No cenário mais provável de vitória de José Ramos Horta na eleição presidencial a meio de abril, vão surgir pressões cruzadas para dissolução do parlamento que levem a novo governo. Talvez seja uma última ocasião para regresso de Xanana Gusmão à liderança política em Timor como chefe do governo e fecho de ciclo com a conclusão de um acordo estruturante para o futuro: esse dos recursos naturais no mar de Timor.

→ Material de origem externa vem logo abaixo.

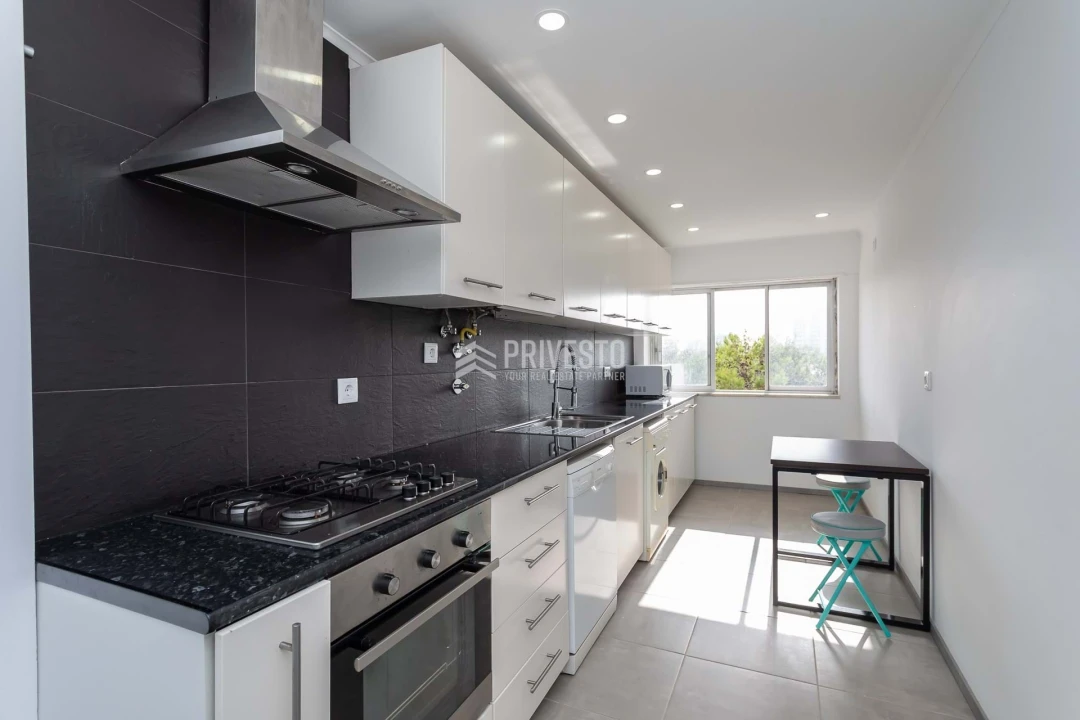 Apartamento T5 para Venda em Cascais e Estoril Foto 4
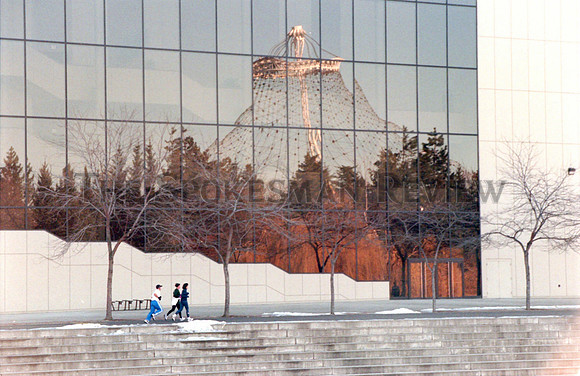 PAVILION REFLECTED IN OPERA HOUSE LIBO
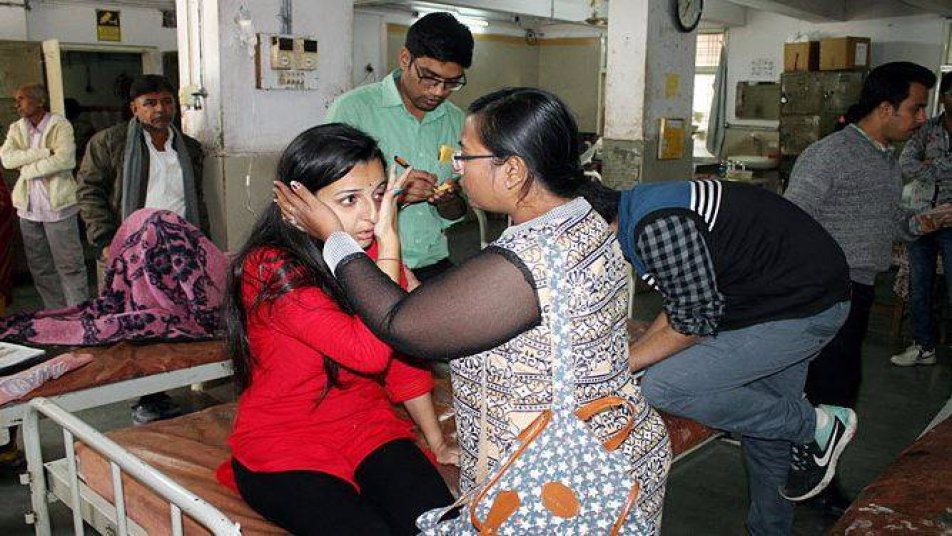 Ravindra Jadeja and his wife met with an accident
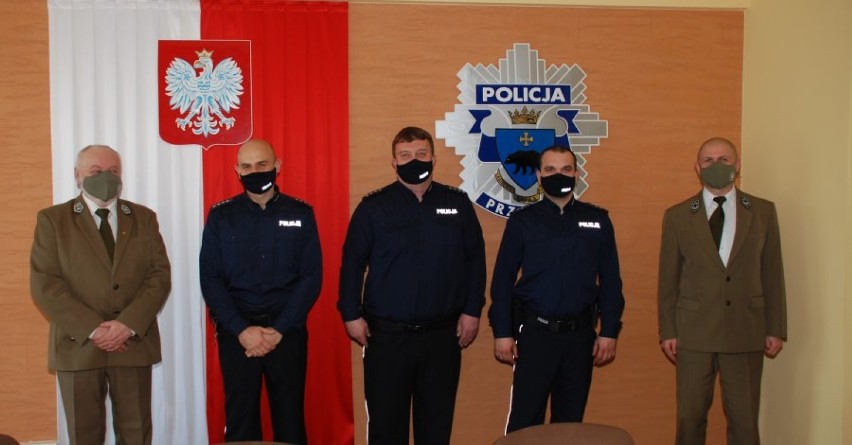Policjanci z Dubiecka odebrali podziękowania za zatrzymanie kłusownika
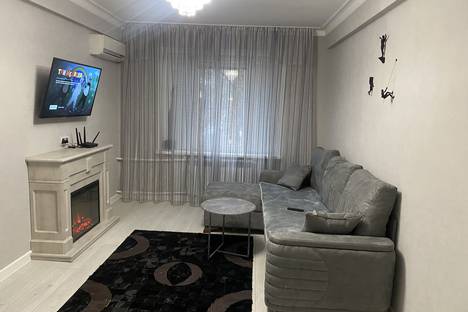 4-комнатная квартира в Каспийске, улица Ильяшенко, 2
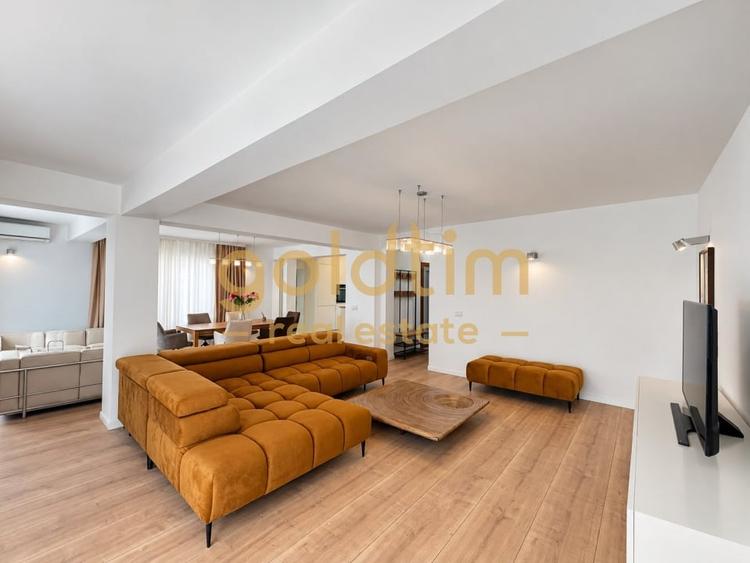 Duplex cu 5 camere cu Canalizare în Iancu Nicolae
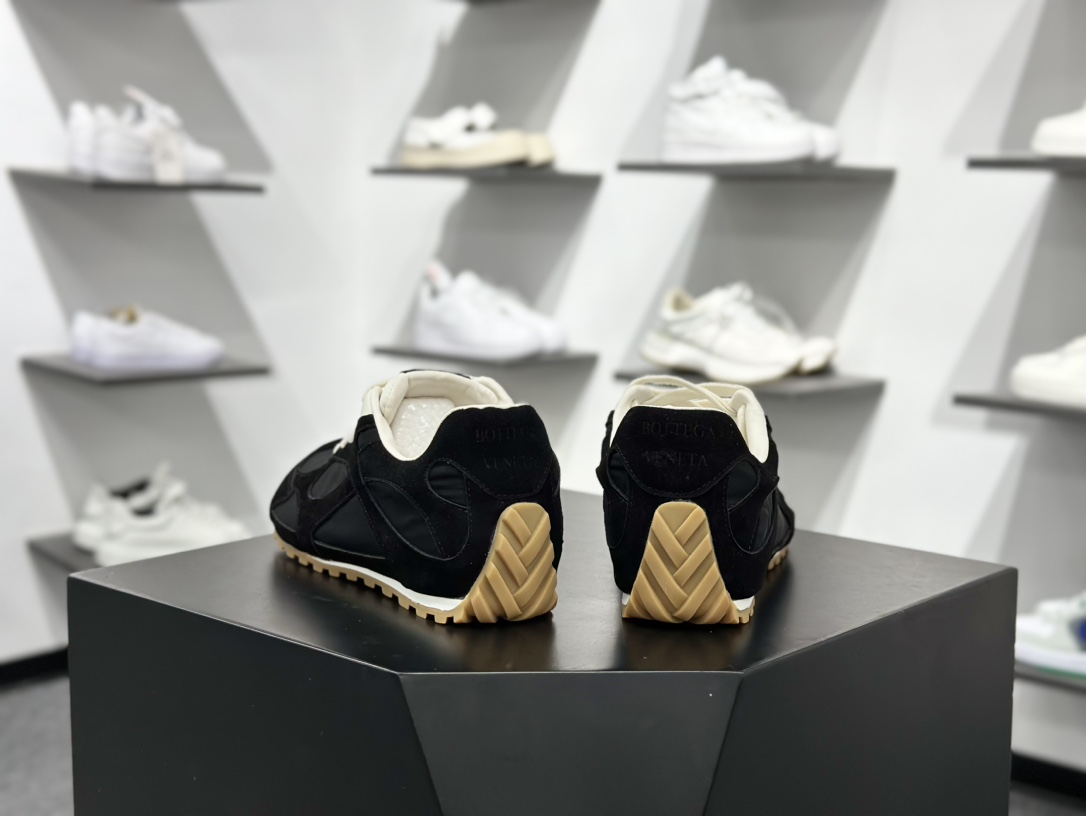 葆蝶家-Bottega Veneta Orbit Flash Low Sneakers 轨道尼龙布系列系带低帮德训风薄底舒适休闲运动鞋 838373V3MS2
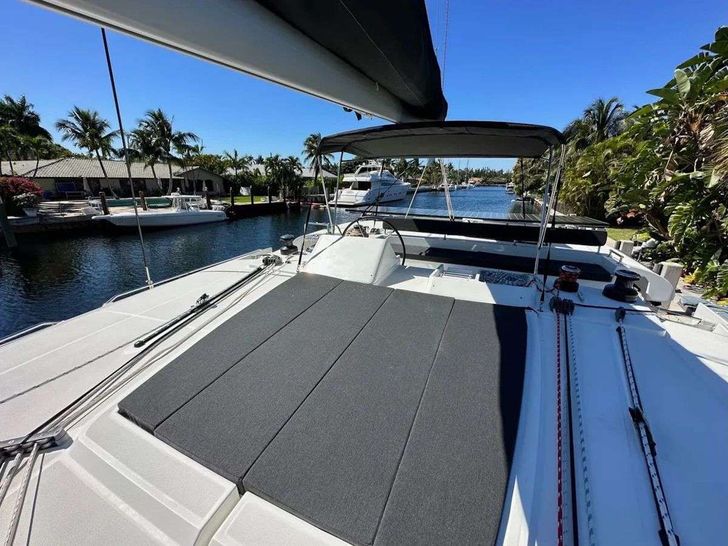LEAF CHASER - Lagoon 450,flybridge sun beds LEAF CHASER - Lagoon 450,flybridge sun beds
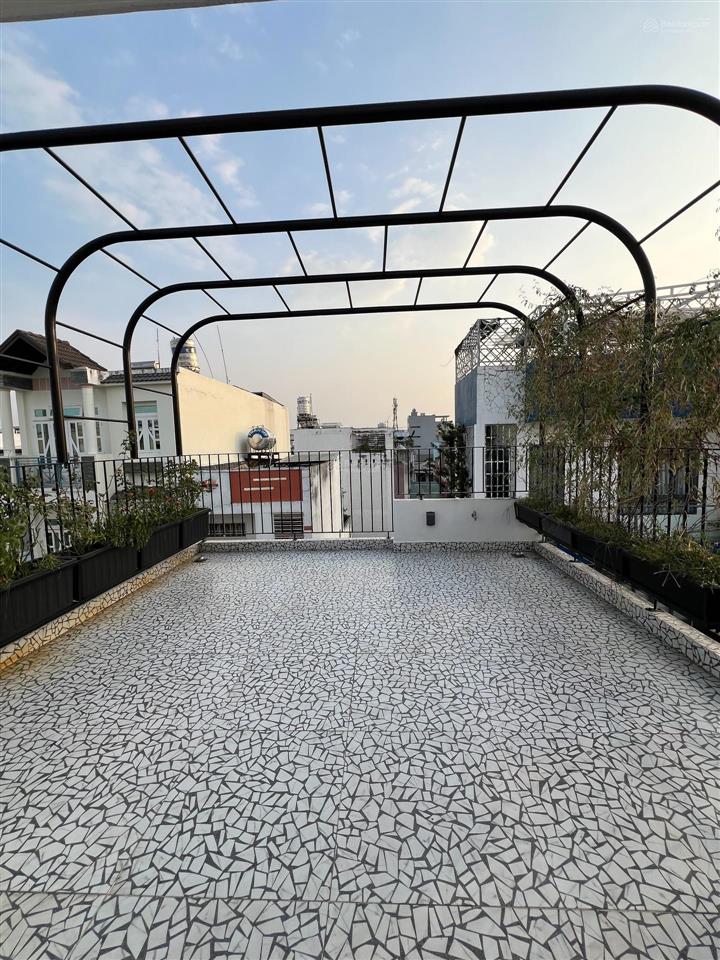 Bán nhà 4 tầng dtsd gần 150m2 , cách emart phan huy ích 5p  chủ tặng kèm nội thất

Por agora, Xanana é o pai – ou avô – da pátria timorense, reconhecido pelos mais antigos; resta saber se também consegue envolver os mais novos que continuam à procura de bússola que aponte a esperança. Há quem pense que é tempo de encontrar soluções que não impliquem o recurso ao avô.
Timor precisa de superar a imagem de “ilha insustentável” que o então jornalista Pedro Rosa Mendes analisou de modo notável e corajoso em novembro de 2008.
Passaram mais de 13 anos. Esta primeira volta das presidenciais mostra que Timor continua sem alternativa forte à geração que conduziu com valentia a luta pela independência. Falta que apareça visão promissora entre as gerações seguintes à fundadora de 75.